Stochastic Graph Exploration with Limited Resources

In recent years, the explosion of research on large-scale networks has been fueled to a large extent by the increasing availability of large, detailed network data sets. Specifically, exploration of social networks constitutes a growing field of research, as they generate a huge amount of data on a daily basis and are the main tool for networking, communications, and content sharing. Exploring these networks is resource-consuming (time, money, energy, etc.). Moreover, uncertainty is a crucial aspect of graph exploration since links costs are unknown in advance, e.g., creating a positive influence between two people in social networks.
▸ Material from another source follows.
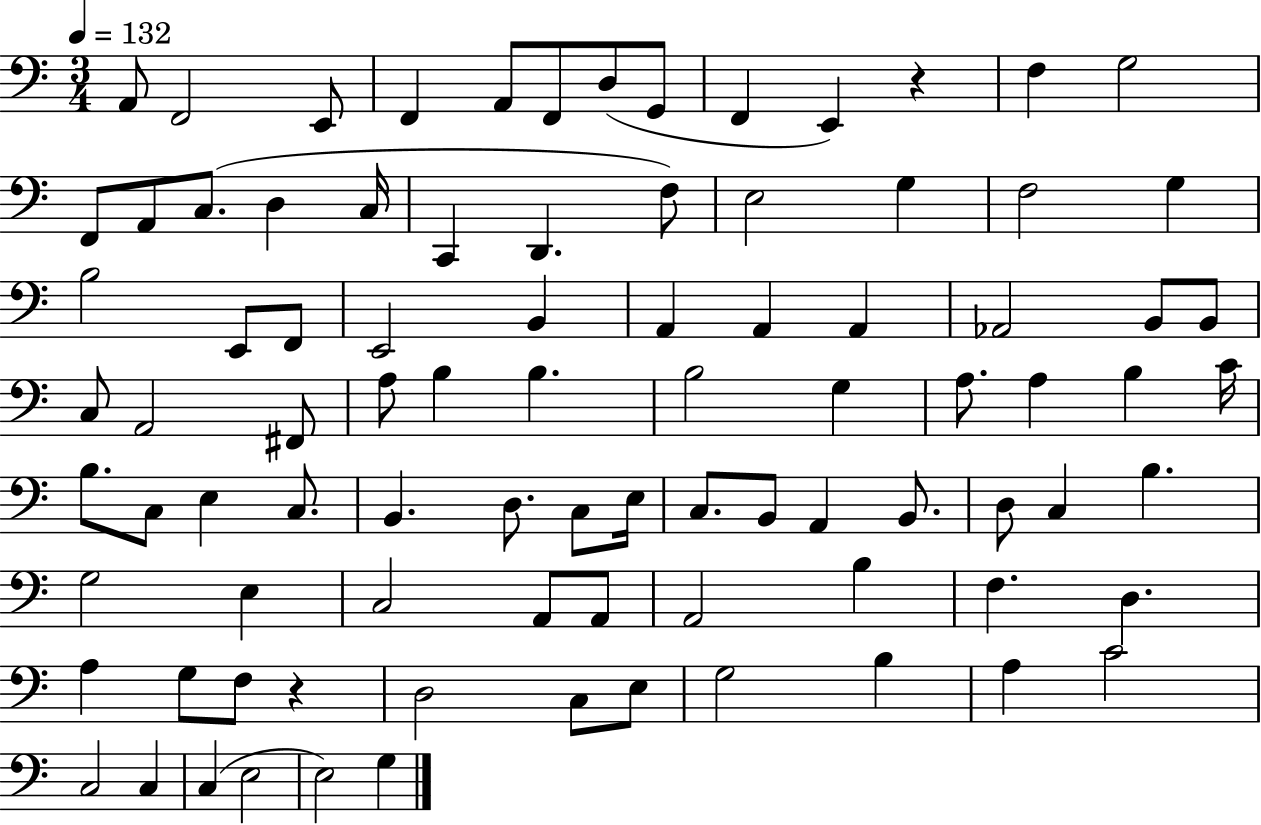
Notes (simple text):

A2/e F2/h E2/e F2/q A2/e F2/e D3/e G2/e F2/q E2/q R/q F3/q G3/h F2/e A2/e C3/e. D3/q C3/s C2/q D2/q. F3/e E3/h G3/q F3/h G3/q B3/h E2/e F2/e E2/h B2/q A2/q A2/q A2/q Ab2/h B2/e B2/e C3/e A2/h F#2/e A3/e B3/q B3/q. B3/h G3/q A3/e. A3/q B3/q C4/s B3/e. C3/e E3/q C3/e. B2/q. D3/e. C3/e E3/s C3/e. B2/e A2/q B2/e. D3/e C3/q B3/q. G3/h E3/q C3/h A2/e A2/e A2/h B3/q F3/q. D3/q. A3/q G3/e F3/e R/q D3/h C3/e E3/e G3/h B3/q A3/q C4/h C3/h C3/q C3/q E3/h E3/h G3/q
One approach to model this problem is the stochastic graph exploration problem [4], where, given a graph and a source vertex, rewards on vertices, and distributions for the costs of the edges. The goal is to probe a subset of the edges, so the total cost of the edges is at most some prespecified budget, and the sub-graph is connected, containing the source vertex, and maximizes the total reward of the spanned vertices. In this stochastic setting, an optimal probing strategy is likely to be adaptive, i.e., it may determine the next edge to probe based on the realized costs of the already probed edges. As computing such adaptive strategies is intractable [15], we focus on developing non-adaptive strategies, which fix a list of edges to probe in advance. A non-adaptive strategy would not be competitive versus the optimal adaptive one unless it uses a budget augmentation. The current results demand an augmentation factor, which depends logarithmically on the number of nodes. Such a factor is unrealistic in large-scale network scenarios. In this paper, we provide constant competitive non-adaptive strategies using only a constant budget augmentation for various scenarios.